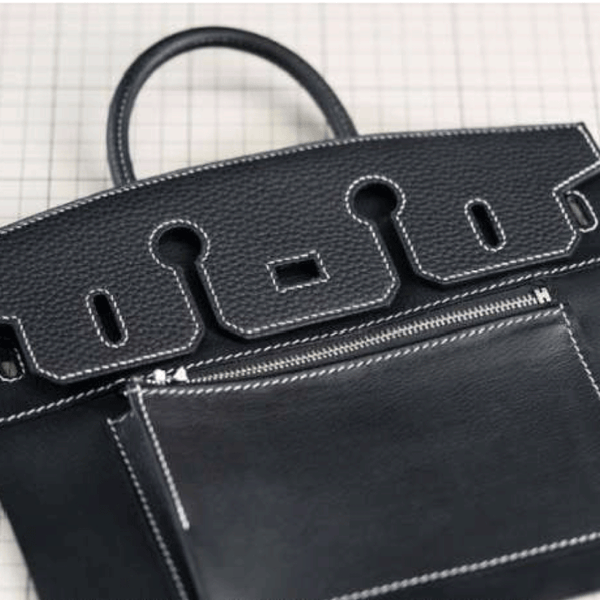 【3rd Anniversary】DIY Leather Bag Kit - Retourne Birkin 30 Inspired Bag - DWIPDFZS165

####################

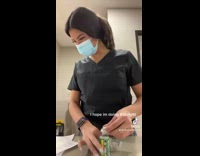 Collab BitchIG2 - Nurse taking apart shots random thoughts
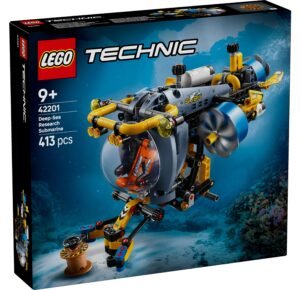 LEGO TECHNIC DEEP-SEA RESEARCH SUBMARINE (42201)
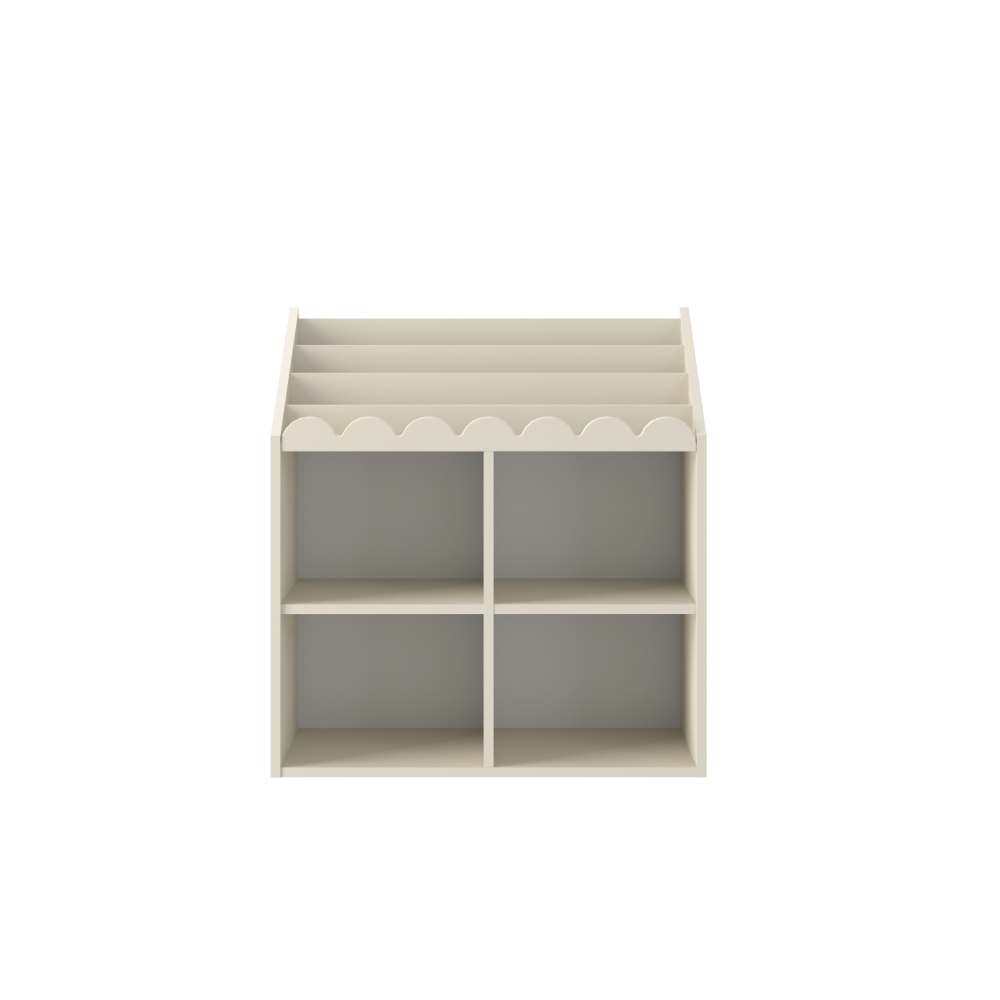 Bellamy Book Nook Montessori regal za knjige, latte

####################

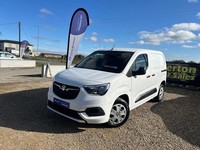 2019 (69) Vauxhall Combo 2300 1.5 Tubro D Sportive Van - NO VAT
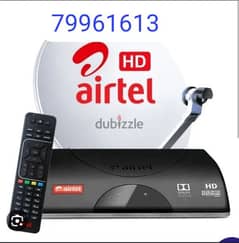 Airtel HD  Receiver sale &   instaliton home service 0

####################

The reply should hold exactly the lines above, starting at the line with "2019 (69) Vauxhall" and ending at the line with "home service 0", and no pictures.

 2019 (69) Vauxhall Combo 2300 1.5 Tubro D Sportive Van - NO VAT
 Airtel HD  Receiver sale &   instaliton home service 0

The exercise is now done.